Since the film was already taking a risk on the animation, the plot and character development were incredibly simple. 80 years on, it’s very much a product of its time. I’ve heard people who just can’t stand the old animation or the princess’s high-pitched Betty Boop soprano.
Yet, the film and the character alike were a welcome escape in 1937 for people struggling with the Great Depression and the looming conflicts in Europe and Japan- a “tonic for disillusion,” as the New York Times called it. Some have even said The Wizard of Oz, which came out two years after Snow White and the Seven Dwarves, took significant inspiration from the Disney film.
More recently, seeing all the love around the 80th anniversary (December 21, 2017), from Saks Fifth Avenue Christmas windows to Funko Pop Figures, I feel I was wrong, when I wrote that letter, to think her the unfavorite of the Disney heroines.
Still, with plans for a live action remake in the works, I worry the best parts of her character and story will be lost in trying to make her appeal to a modern audience.
So, to celebrate, here again is why I see good and potential in this character:
My Letter to Snow White (Revised)
Dear Snow White,
I wish I could say you weren’t my favorite as a kid. That I was way more into Belle or Jasmine or Mulan.

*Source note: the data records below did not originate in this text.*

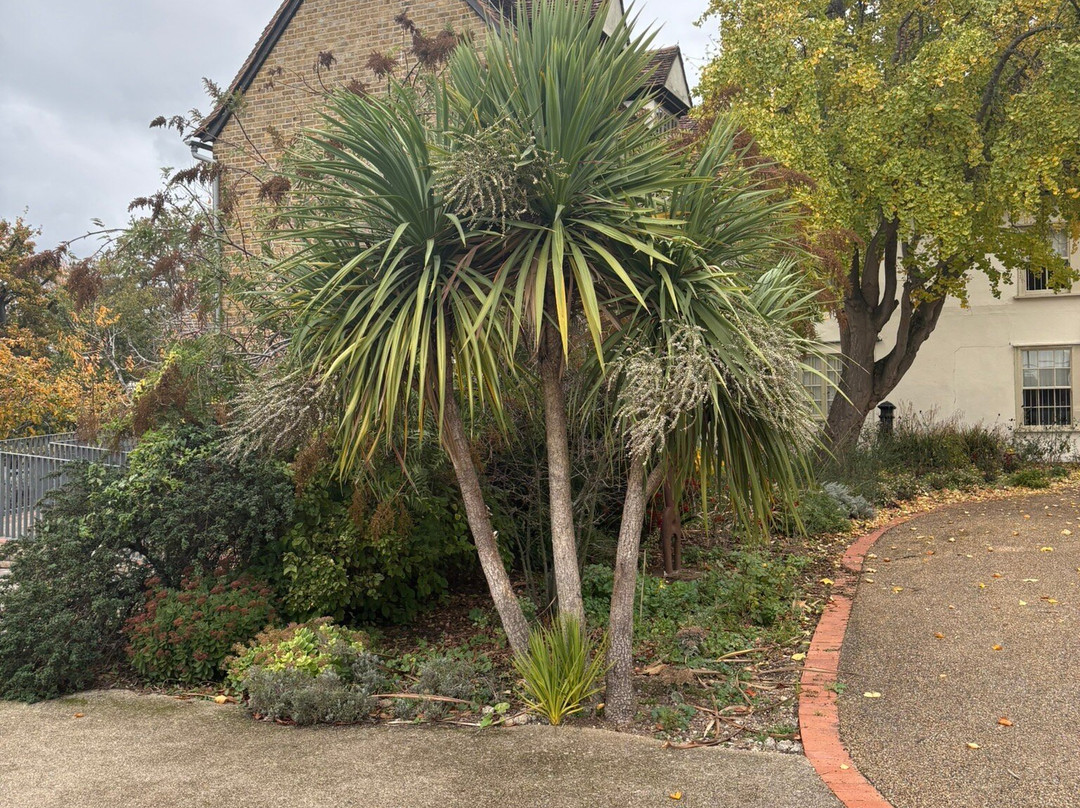 Valence House-Dagenham必去景点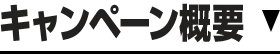 キャンペーン概要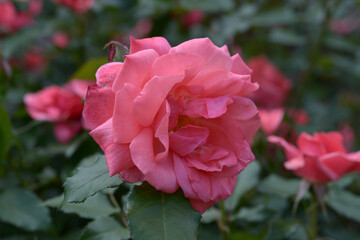 Fototapeta premium ペルニール・ポールセン バラの花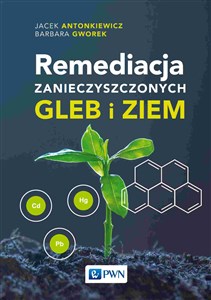 Obrazek Remediacja zanieczyszczonych gleb i ziem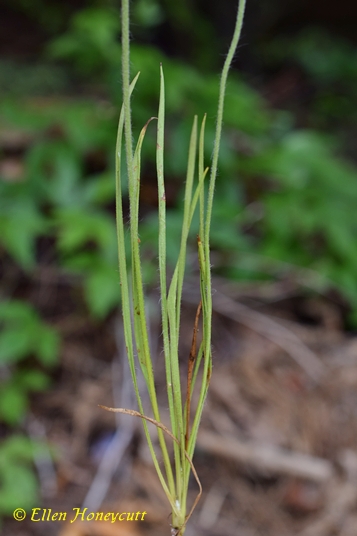 {Plantago aristata}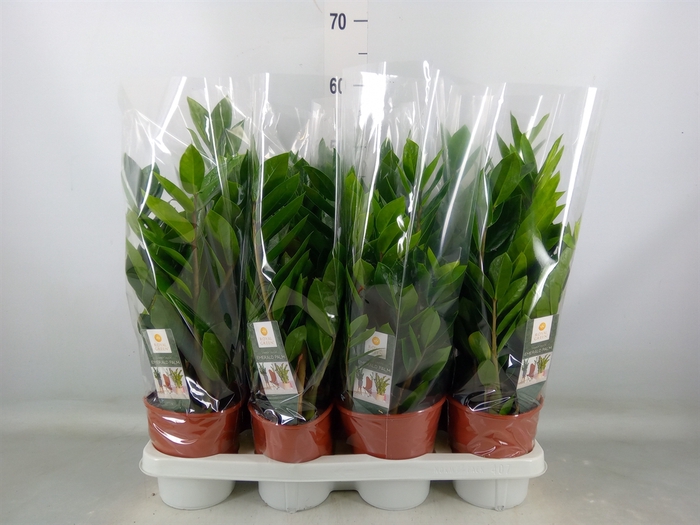 <h4>Zamioculcas zamiifolia</h4>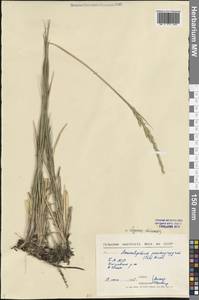 Leymus chinensis (Trin.) Tzvelev, Siberia, Baikal & Transbaikal region (S4) (Russia)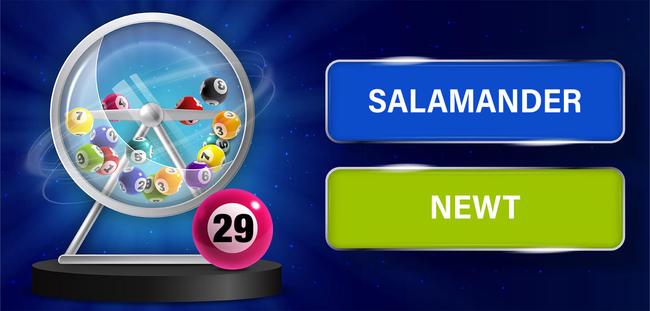 bingo quiz all answers bingo quiz all answers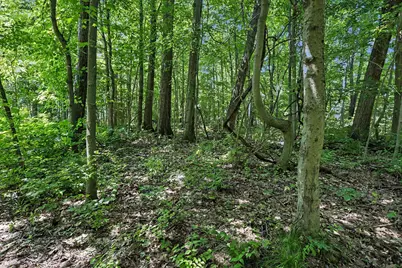 V/L Middle Road #Lots 45 & 46, Three Rivers, MI 49093 - Photo 1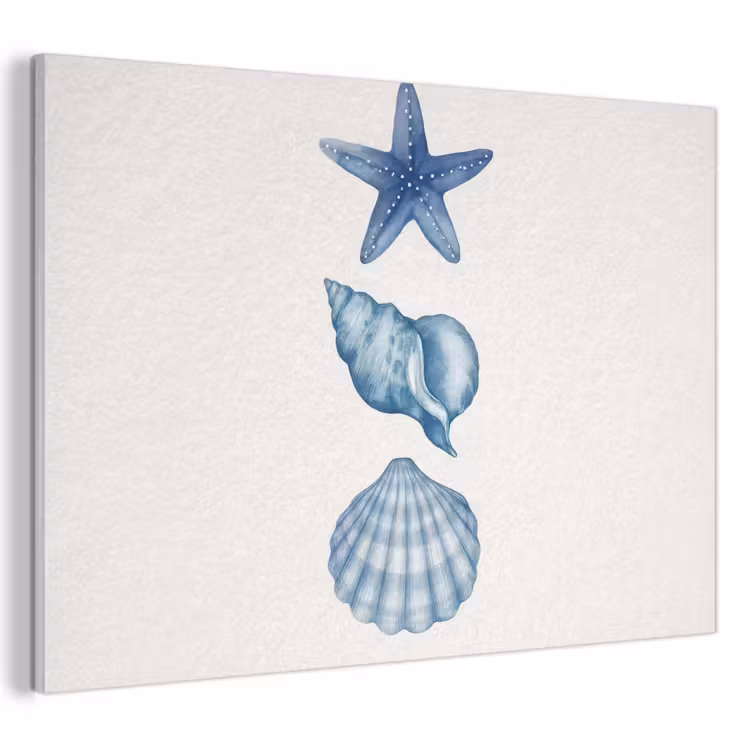 Akoestisch schilderij - Zeester - Schelpen - Blauw — 1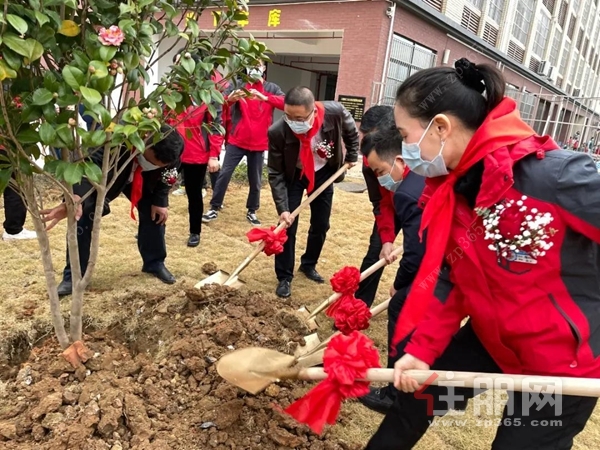 木兰河小学园林景观开工建设活动现场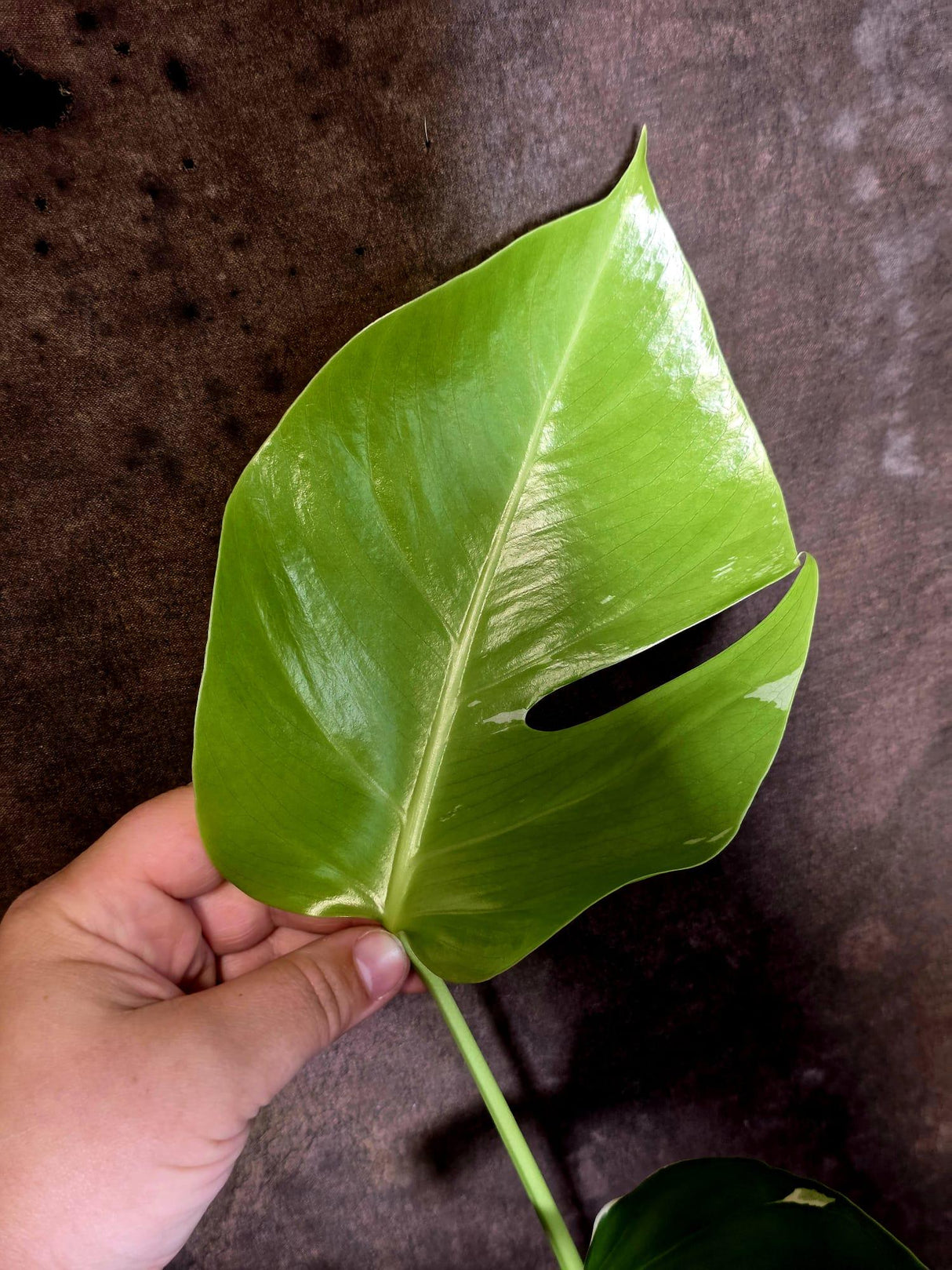 Monstera Albo Variegated - Rare Aroid - Exact Plant - US Seller (June-16-11)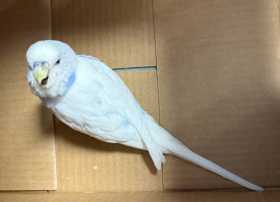 Found Budgerigar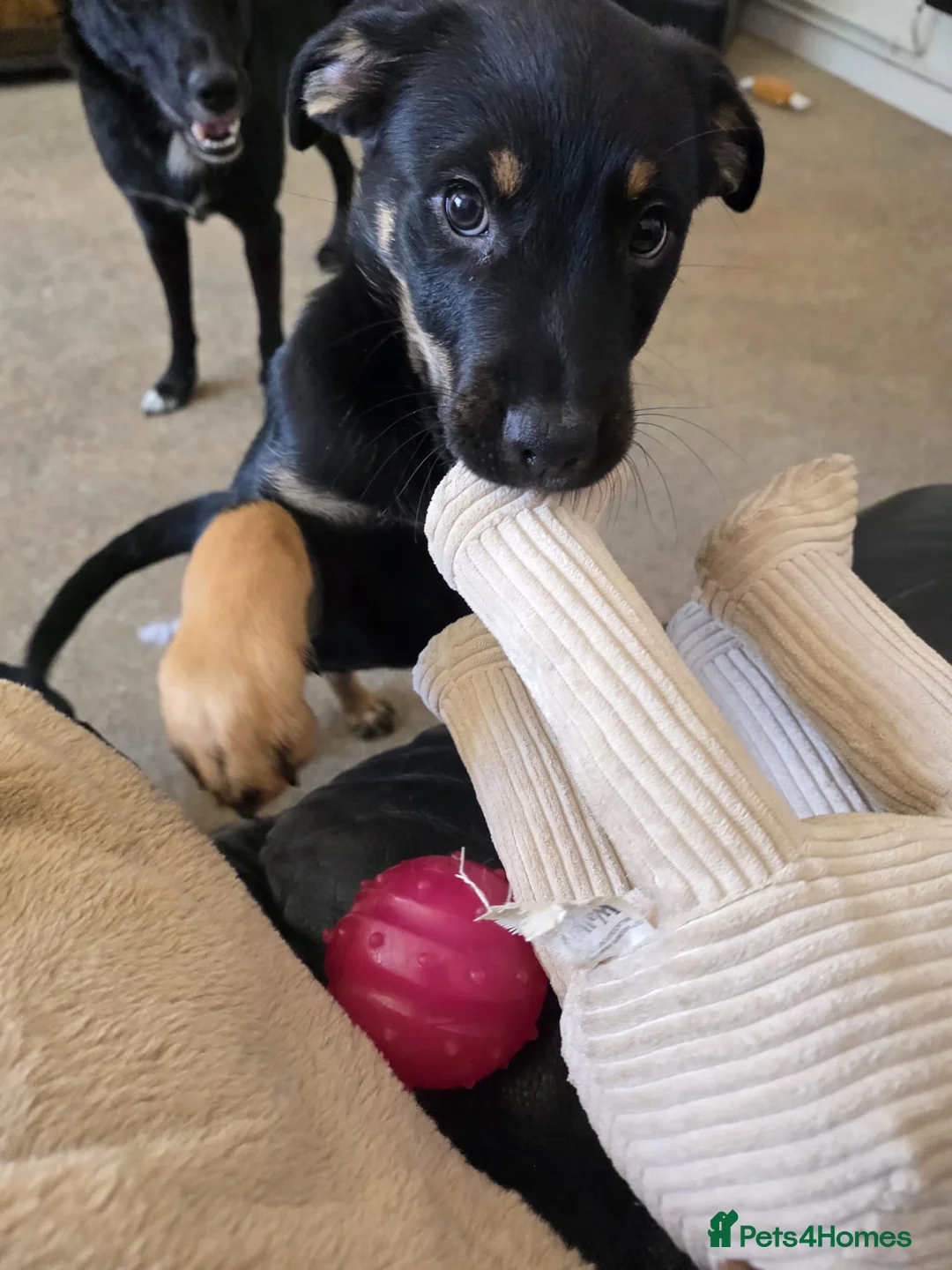 Mixed Breed dogs for sale: presa canario x kelpie - Advert 6
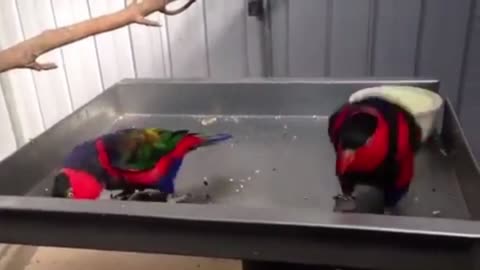 Two lively parrots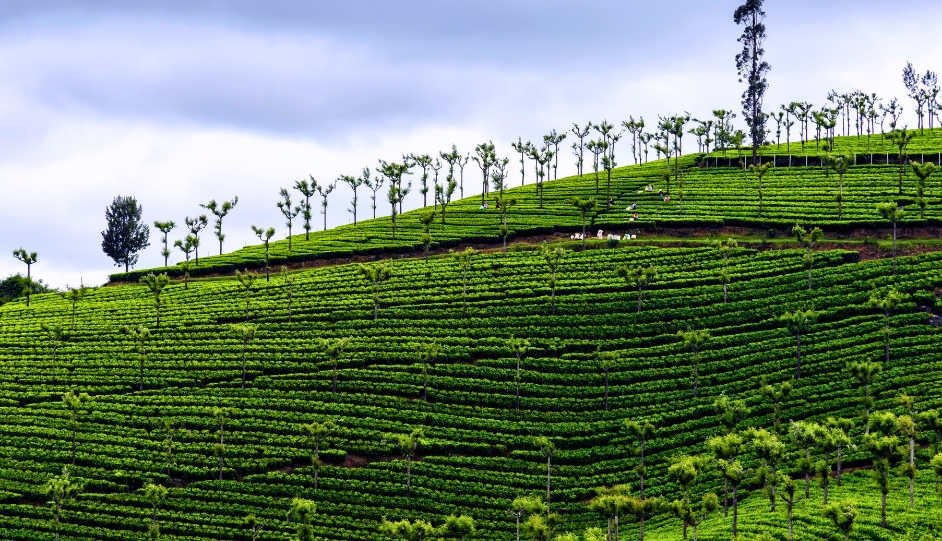 Best Summer Vacation Trips from Coimbatore(Wildlife, Hills & Forest Getaways)- Ooty, Kodaikanal, Kanthaloor, Gavi and more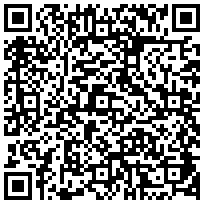 Купить Кабель заземления Zpas, 5 кабелей, для шкафов, цвет: зеленый WZ-SB12-00-02-000 - цена 1180.00 р.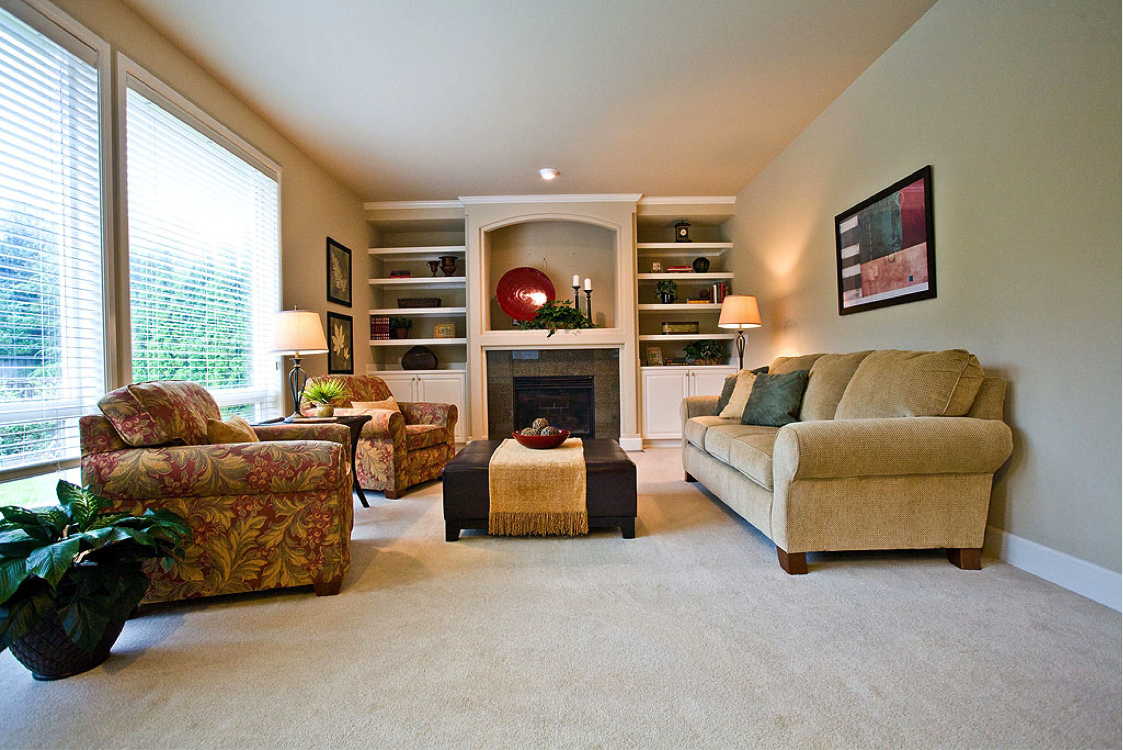 33 Traditional  Living  Room  Design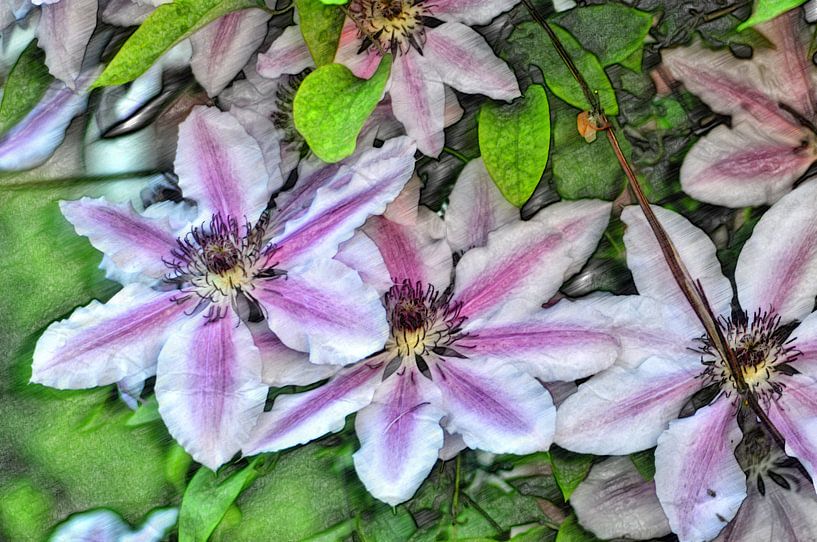 Blütenzeichnung par Edgar Schermaul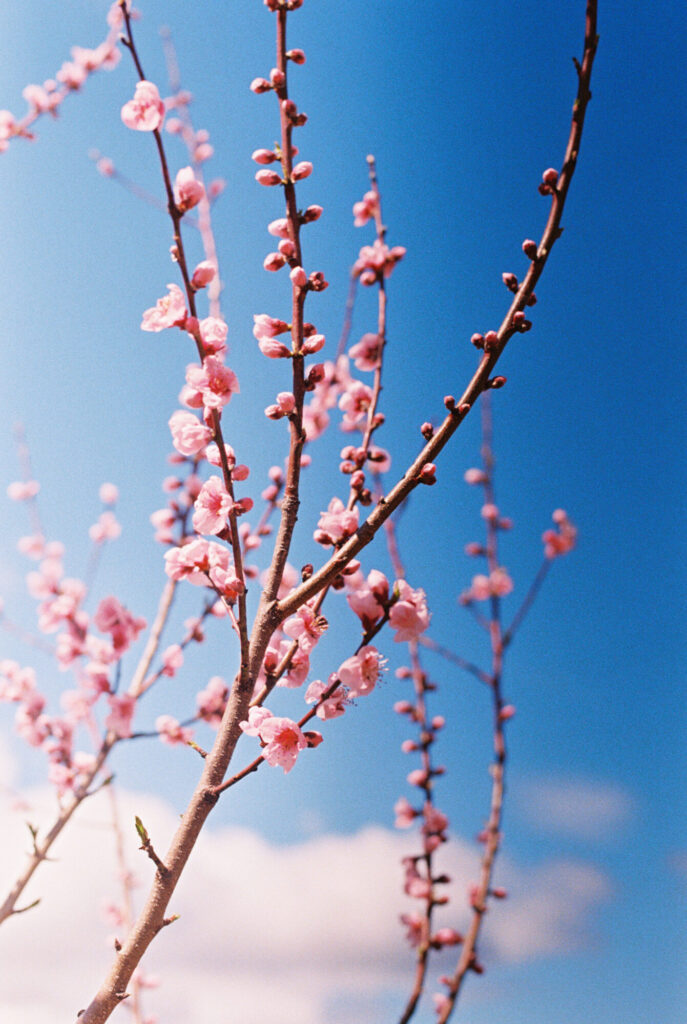 Kodak Ultramax 400 2 20240407 Nikonfe2 Kodakultramax400 028 | Kodak Ultramax 400
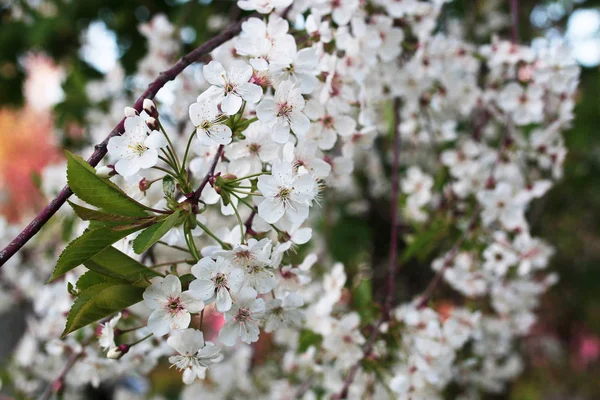 Blommande äppelträd med vita blommor — Stockfoto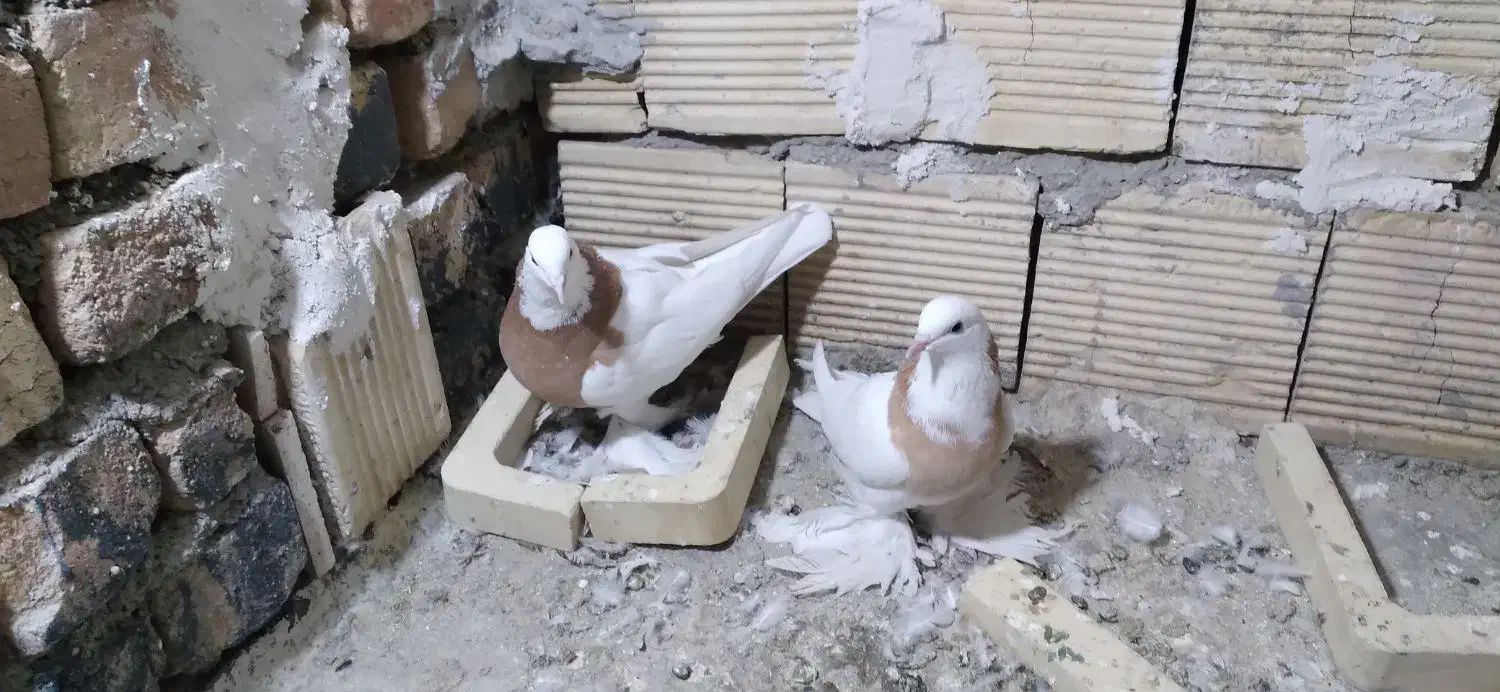 کبوتر طوقی|پرنده|خوانسار, |دیوار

But, let’s be honest – I had your doll, I had your dwarves, I dressed up as you for Halloween three times. You were my girl.
You looked like me, you sounded like me, you were (over?)sensitive and sweet like me. How could I not relate?
I’ve been thinking about you recently for a few reasons:
- I’ve been looking into this book called How to Be a Heroine: Or, What I’ve Learned from Reading too Much. In it, the author looks back on literary heroines she loved growing up, dissects how they affected her, and considers whether they stand the test of time as admirable heroines. Which, of course, makes me think of how much I can say the same of the characters I’ve loved in my life.
- I read a blog article* arguing that you never needed a sword or arrows or armor, as modern incarnations like Once Upon a Time, Snow White and the Huntsman, and Mirror, Mirror have added, to be a strong character. Your hope and kindness was your strength (though also your weakness), especially considering your film premiered in the midst of the Great Depression, leading into World War II.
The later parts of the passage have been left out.